While there is some discussion of networks and their importance in the structures of non-state actors in intelligence and policy circles, there is no broad recognition that networks are what make non-state actors threats of the same order of magnitude or greater, than most states.

This is not a new concept. Jonathan Winer and others in the mid-1990s began to seriously push policy and intelligence to focus on networks, leading Winer and others to do the first serious studies of the Muslim Brotherhood's financial links to different groups. Bout, in his weapons supplies, was viewed through the same lens, making him, in the waning years of the Clinton administration, a high-value, multi-agency target.

Networks are also vitally important in the newly-emerging "self-starting" Islamist groups. Most of these groups, in Spain, Great Britain etc. that are known have received significant help from the existing jihadi networks, in developing concepts, obtaining material and ideological orientation.

Networks also provide the ability to move across national bounderies, find expertise, share knowledge and exploit the existing strengths of each group. The lack of understanding of networks, for example, that led to the long-standing belief that Sunni and Shi'ite Muslims could not work together. But they did, repeatedly, and by the admission of in their own writings.

Al Qaeda's diamond buyers did not set up their own pipeline in West Africa, they simply plugged into Hezbollah's existing structure. The other examples are endless. Networks also explain the interaction between terrorist and criminal organizations, for mutual benefit, and how and why the lines often blur.

Somalia, Bout or other issues do no pose security threats by themselves, in isolation. What makes Somalia important in strategic terms is not just the Islamist state it will create, but that it will add another important link in a web of connections that are part of the Salafist efforts to attack the West. On its own, it is not much of a threat. But plug Islamist Somalia into the network of jihadists moving from Africa to Pakistan, from Pakistan to Iraq etc., and its importance become clear.

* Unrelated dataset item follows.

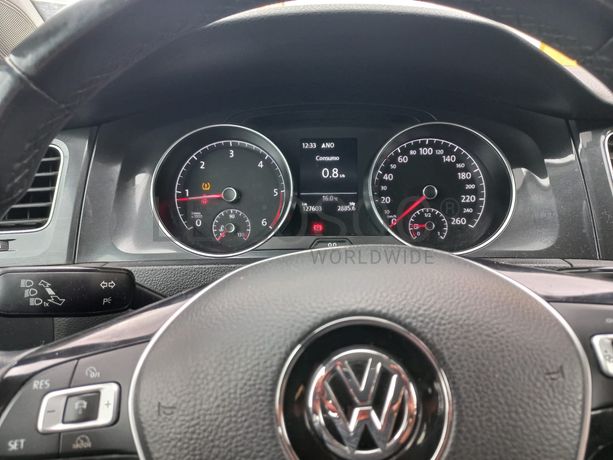 Volkswagen Golf 1.6 TDI · Ano 2017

Networks made Bout far more important that he would have been otherwise. Without the Russian organized criminal networks and the GRU networks, he would have been one more small-time arms trader in Africa and Afghanistan. But he became far more than that.

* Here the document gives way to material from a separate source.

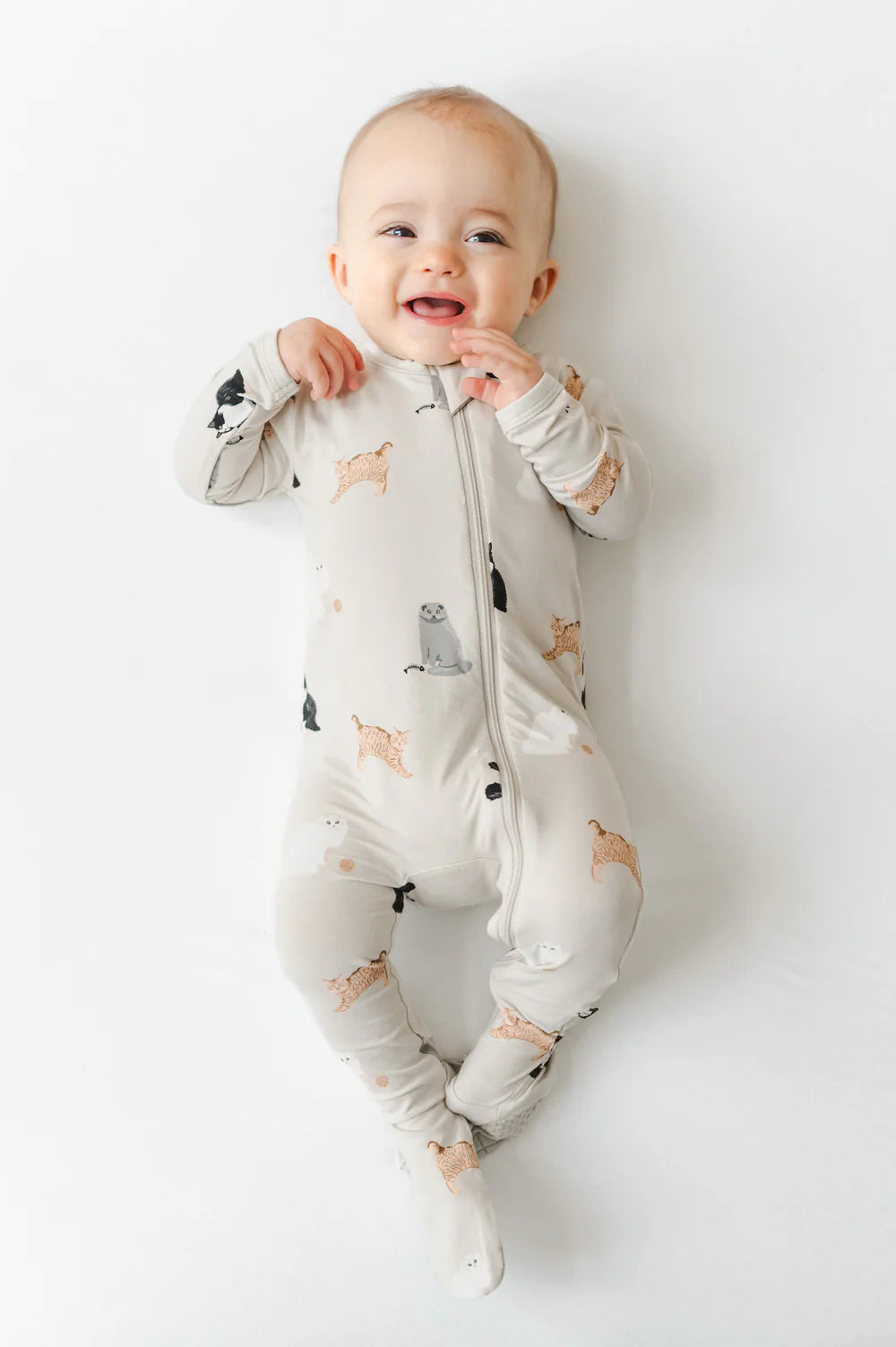Kyte Baby Zippered Footie - Fluffy Cat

The argument over the importance of Somalia is particularly telling. The argument that it is of no strategic value because it is a relatively worthless piece of real estate is one of the same arguments used by those who chose not to confront the Taliban in Afghanistan early on. Over time the networks, developed during the war against the Soviets, re-routed and brought in money, recruits and trainers from the Arab penisula and elsewhere. The network expanded in the Balkans and spread through Southeast Asia.

With the increasing fragmentation and specialization within the intelligence community, there are very few analysts and policy makers looking at the networks that make possible the individual acts they focus on. That is a mistake.